In the two previous articles, Haag, with admirable clarity, and by drawing from the work of others (notably Dr. John K. Lattimer and Larry M. Sturdivan), confirmed yet again the rational consensus: the second shot fired hit President Kennedy in the upper back before seriously wounding Governor Connally, and the third shot pierced the rear of the president’s head.
In sharp contrast, Haag’s article on the missing bullet (aka the first shot fired) had serious deficiencies. Technical, evidentiary, and logical flaws in Haag’s shooting reconstruction analysis invalidate his conclusion as to how the first shot fired by Oswald missed its intended target.
The following critique is adapted from a letter sent to the editor of the AFTE Journal, which is online but behind a paywall. The letter appears in the journal’s Fall 2016 issue, along with a response from Haag.
To determine why or how Oswald’s first shot missed, Lucien C. Haag empirically tested all four reasoned possibilities that have been put forward since the 1963 assassination. The bullet might have been deflected by 1) the branches of an oak tree; 2) a traffic signal light; 3) the mast arm of the signal light; or finally, 4) the bullet simply missed and struck the asphalt pavement of Elm Street.
The idea was to establish the most logical explanation following a process of elimination. Or as Haag observed in 2013 (borrowing from Sir Arthur Conan Doyle), “The essence of good forensic science is to look at what are the competing explanations of an event. And if you can rule out that which is impossible, that which remains, however seemingly improbable, is the truth.”
Deflection by the Oak Tree
During the investigation following the assassination, Secret Service and Federal Bureau of Investigation agents thoroughly inspected the oak tree that partially obscured Oswald’s line of sight down Elm Street. They found no evidence that branches had been struck by a bullet fired from Oswald’s rifle. The Warren Report, nonetheless, still claimed complete deflection by the tree branches was a possibility.

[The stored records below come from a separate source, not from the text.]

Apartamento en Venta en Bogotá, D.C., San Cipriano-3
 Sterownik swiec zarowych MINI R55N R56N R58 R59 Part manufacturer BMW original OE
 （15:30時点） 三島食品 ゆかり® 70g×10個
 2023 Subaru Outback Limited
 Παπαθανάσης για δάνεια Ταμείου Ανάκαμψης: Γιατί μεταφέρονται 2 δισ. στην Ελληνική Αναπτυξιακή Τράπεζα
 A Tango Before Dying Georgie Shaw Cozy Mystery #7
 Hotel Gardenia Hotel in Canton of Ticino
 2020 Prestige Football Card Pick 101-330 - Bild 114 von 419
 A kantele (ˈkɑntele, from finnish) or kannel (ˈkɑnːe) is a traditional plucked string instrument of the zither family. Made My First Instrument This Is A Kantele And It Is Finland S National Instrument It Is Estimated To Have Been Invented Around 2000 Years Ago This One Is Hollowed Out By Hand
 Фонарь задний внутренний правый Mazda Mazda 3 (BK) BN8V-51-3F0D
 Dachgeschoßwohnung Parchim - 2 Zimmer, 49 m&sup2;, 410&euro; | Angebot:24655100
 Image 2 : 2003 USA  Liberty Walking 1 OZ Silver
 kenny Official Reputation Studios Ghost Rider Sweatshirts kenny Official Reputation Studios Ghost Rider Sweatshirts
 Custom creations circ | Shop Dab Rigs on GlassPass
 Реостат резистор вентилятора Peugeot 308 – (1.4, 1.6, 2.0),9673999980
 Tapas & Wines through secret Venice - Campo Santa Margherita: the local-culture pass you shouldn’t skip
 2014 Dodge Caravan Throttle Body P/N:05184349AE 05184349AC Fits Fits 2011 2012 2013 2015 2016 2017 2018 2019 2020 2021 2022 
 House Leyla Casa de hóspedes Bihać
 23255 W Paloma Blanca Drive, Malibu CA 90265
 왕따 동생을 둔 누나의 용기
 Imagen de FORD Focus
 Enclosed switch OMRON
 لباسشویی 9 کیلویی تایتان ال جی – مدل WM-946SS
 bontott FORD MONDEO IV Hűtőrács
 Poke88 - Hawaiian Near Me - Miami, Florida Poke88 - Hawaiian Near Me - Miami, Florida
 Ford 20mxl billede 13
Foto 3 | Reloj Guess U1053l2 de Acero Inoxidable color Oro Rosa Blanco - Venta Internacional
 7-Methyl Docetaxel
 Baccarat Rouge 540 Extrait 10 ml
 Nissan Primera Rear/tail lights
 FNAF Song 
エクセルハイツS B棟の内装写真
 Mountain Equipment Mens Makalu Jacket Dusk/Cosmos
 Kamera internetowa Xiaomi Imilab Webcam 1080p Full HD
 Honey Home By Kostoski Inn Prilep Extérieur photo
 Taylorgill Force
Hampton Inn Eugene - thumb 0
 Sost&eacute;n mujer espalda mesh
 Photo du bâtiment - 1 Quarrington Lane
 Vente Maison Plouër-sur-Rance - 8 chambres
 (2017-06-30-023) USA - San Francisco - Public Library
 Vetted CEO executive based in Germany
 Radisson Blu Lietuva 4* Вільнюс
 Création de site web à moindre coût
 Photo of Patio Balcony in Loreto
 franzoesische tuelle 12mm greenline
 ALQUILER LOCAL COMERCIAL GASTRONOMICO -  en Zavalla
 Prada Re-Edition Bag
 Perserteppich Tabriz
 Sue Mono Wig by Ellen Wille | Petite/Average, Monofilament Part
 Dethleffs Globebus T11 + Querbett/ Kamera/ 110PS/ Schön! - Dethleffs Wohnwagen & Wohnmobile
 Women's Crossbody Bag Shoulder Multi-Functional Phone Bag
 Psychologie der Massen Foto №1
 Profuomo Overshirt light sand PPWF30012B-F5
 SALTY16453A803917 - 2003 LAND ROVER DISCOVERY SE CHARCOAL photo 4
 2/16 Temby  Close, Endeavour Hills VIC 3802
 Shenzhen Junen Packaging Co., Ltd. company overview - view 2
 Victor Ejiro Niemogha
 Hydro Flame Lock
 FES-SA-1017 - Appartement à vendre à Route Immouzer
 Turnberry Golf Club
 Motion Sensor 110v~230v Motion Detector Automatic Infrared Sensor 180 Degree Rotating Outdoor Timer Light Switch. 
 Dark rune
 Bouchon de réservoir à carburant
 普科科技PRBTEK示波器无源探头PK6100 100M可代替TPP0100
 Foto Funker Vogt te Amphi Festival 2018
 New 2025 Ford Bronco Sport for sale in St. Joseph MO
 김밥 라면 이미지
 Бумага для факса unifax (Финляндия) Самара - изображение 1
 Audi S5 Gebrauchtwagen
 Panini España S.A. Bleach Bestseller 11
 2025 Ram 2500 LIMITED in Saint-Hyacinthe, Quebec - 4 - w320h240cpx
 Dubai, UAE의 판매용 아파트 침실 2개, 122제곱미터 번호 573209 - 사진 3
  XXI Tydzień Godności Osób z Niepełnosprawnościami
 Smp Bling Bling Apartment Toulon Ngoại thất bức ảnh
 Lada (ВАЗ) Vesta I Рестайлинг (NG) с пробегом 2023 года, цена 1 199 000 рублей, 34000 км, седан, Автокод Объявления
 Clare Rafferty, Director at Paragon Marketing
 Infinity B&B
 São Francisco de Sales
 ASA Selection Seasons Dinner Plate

Haag designed and conducted his own tests to determine, once and for all, if the tree branches in question had the capability to deflect a pristine 6.5mm-FMJ bullet fired from a Mannlicher-Carcano rifle. This study was sensible because notwithstanding the lack of evidence, lore about an oak tree branch deflecting the first shot had become a widely-accepted explanation in the decades since the Warren Report.
Haag’s testing approach here was well planned, and first reported during a PBS-NOVA documentary, “Cold Case JFK,” which aired in November 2013. The results revealed that bullet deflections by oak tree branches, such as those that were in Oswald’s line of sight, are minimal, although the impact is sufficient to destabilize a jacketed bullet. This was not a surprise finding given the high kinetic energy of a projectile fired from a Mannlicher-Carcano and the low impact resistance of a tree branch. A bullet fired through the branches of the oak tree on 22 November 1963 would have either struck passengers in the presidential limousine, and/or the limousine itself, or terminated in the Elm Street asphalt.